Problem to solve: Only the lines from the one with "エクセレンス(1LDK/1階)の間取り写真" through the final line below belong in the answer, copied exactly and without pictures.

::::::::::

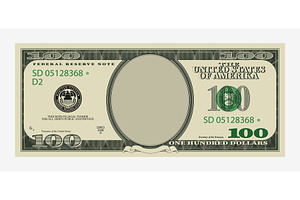 One hundred dollars bill template, a Finance Illustration by skripnikbb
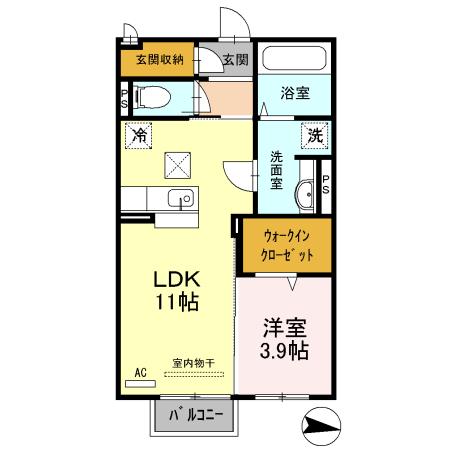 エクセレンス(1LDK/1階)の間取り写真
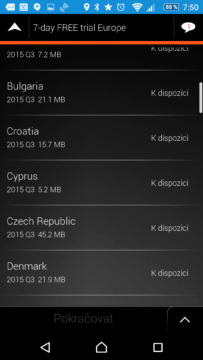 Mapy Česka: jen 45 MB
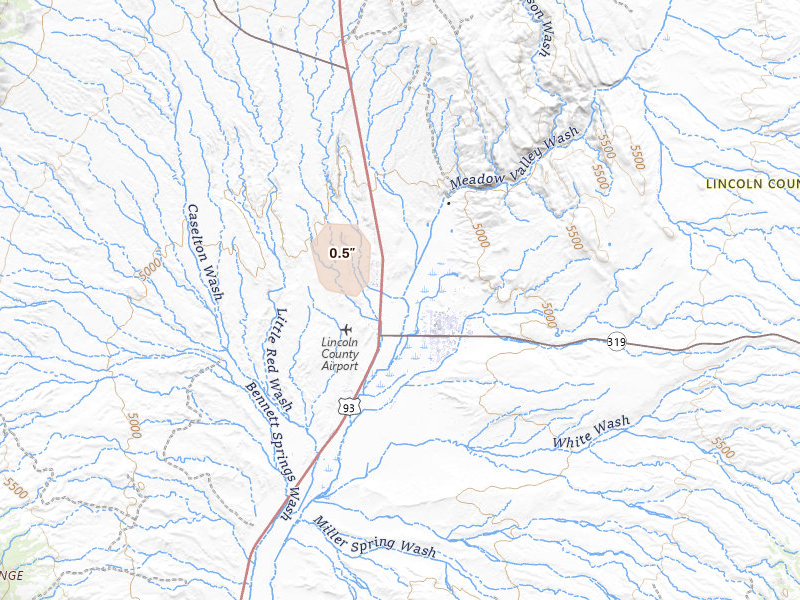 Radar-estimated hail-size map of the storm over Panaca, NV on Aug 12, 2026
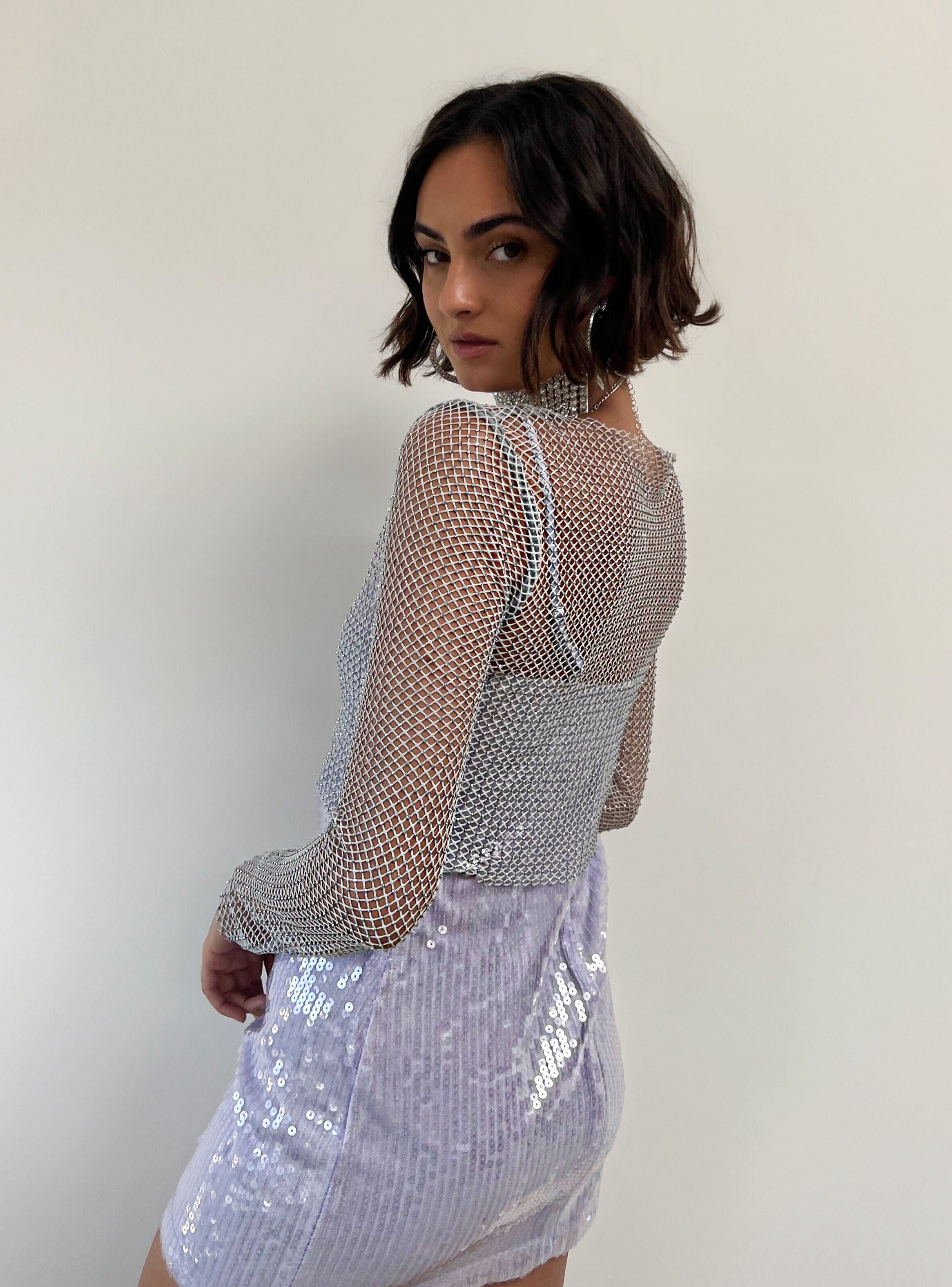 Hands Off Silver Rhinestone Top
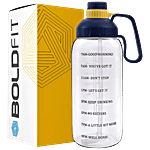 Boldfit Motivational Mega Gym Gallon Water Bottle - With Time Markers, Transparent 2 L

::::::::::

Solution to the exercise:
 エクセレンス(1LDK/1階)の間取り写真
 Mapy Česka: jen 45 MB
 Radar-estimated hail-size map of the storm over Panaca, NV on Aug 12, 2026
 Hands Off Silver Rhinestone Top
 Boldfit Motivational Mega Gym Gallon Water Bottle - With Time Markers, Transparent 2 L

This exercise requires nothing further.